Okay, so obviously there’s a mathy solution to this problem, but I don’t know it. I wrote a program to simulate the dog and duck and gave the duck some different strategies for getting to the shore. One thing that is obvious: the dog will never catch the duck. Either the duck will escape because the dog is too slow, or the dog will circle the pond forever as the duck swims back in forth in vain. Geez, Ollie, next to this, last week’s nightmare traffic problem is looking downright cheerful.

Designing the simulation was pretty fun, even if I don’t think it led me to the right solution. I basically came up with four different strategies that the duck might take to escape the pond. I call these Dumb, Cowardly, Clever, and Smart. Each strategy has a threshold at which it stops working, which is question being asked.

The Dumb strategy simply involves moving due west and hoping the dog is too slow. It will succeed as long as the dog is moving slower than PI * the duck’s speed.

The Cowardly strategy just tries to avoid the dog at all costs, changing the duck’s direction to be away from the dog. Interestingly, the Cowardly strategy does worse than the dumb strategy for the duck! The dog can “scare” the duck into remaining in the pond by getting close enough to scare it back towards the center of the pond, even when moving slower (0.9483) than PI * the duck’s speed. All ducks die, but a cowardly duck is doomed to swim in a pond forever or something.

The Clever strategy works like the Cowardly strategy except that the duck is constantly calculating how long it will take to reach the shore in a straight line, and whether the dog can make it there first. If the duck can make it to the edge first, it makes a beeline for the shore. The Clever strategy requires the dog to travel 1.2093 * PI * the duck’s speed to prevent takeoff.

Finally, my last strategy was the Smart strategy. This is what I submitted for an answer, but I will be shocked if it is right. The Smart strategy acts like the Clever strategy except the duck will scan a range of spots on the shore and if ANY of them can be reached before the dog, it will beeline. It represents only a small improvement over Clever, requiring the dog to travel 1.2552 * PI * the duck’s speed to trap the fowl.

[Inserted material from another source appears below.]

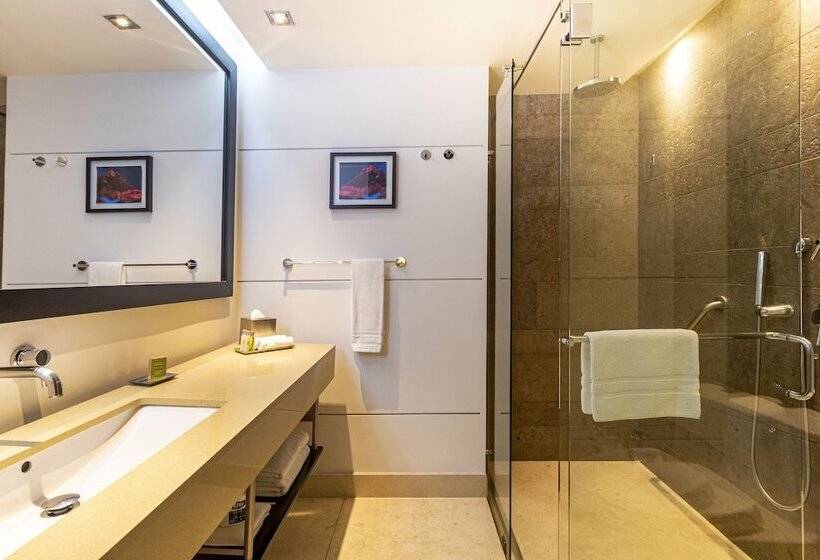 اتاق اجرایی, Hilton Bogota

A couple of things to note here. When the duck escapes, the dog is often so close that it looks like they are overlapping, but this is an abstract duck with no size, only a location, so unless the dog is exactly at the right spot, the duck escapes if it crosses the 1 unit border of the pond. Also, my strategy for the dog is to just go to the point on the edge of the pond that is closest to the duck and wait like a good boy, who’s a good boy, you’re a good boy. I’m not sure if that’s optimal but any movement from that spot seems like a mistake until the duck changes course or crosses the center point. This is one are where I think I am probably wrong.

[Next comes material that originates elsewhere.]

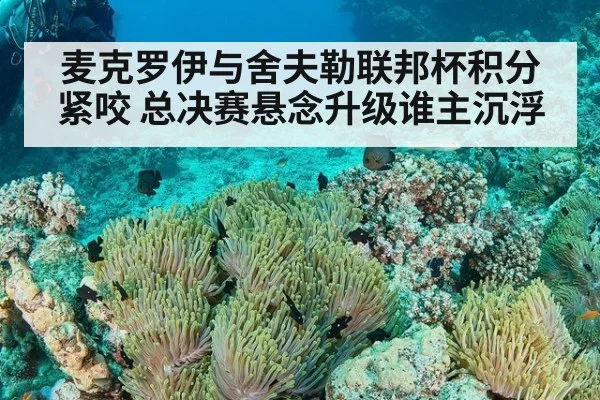 麦克罗伊与舍夫勒联邦杯积分紧咬 总决赛悬念升级谁主沉浮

The other area where I could be am probably wrong is in the way that I have the Smart duck scan the shore for a likely escape route. I just choose a range of shoreline and increment test locations in discrete chunks looking for a candidate. At the very least, a mathy solution would do that continuously, not discretely.

I wrote this app using MFC and Gdiplus so I’m not going to include the whole project here. I’ll just post the pond.h and pond.cpp files, which is where all the calculations and simulation are being done. Everything else is just presentation.

First off, I assume the pond has a radius of 1 unit with its center at 0,0, and that the duck moves at a rate of 1 unit/second. I store an x- and y-variable for the duck and start it at the center of the pond.

I could have used x- and y-variables for the dog, but since it always moves along the edge of the circular pond, I instead store its position as a single real value from -PI to PI. (It really should be 0 to TAU, because PI is wrong, no really, but whatevs.) I start the dog at 0, meaning the East edge of the pond.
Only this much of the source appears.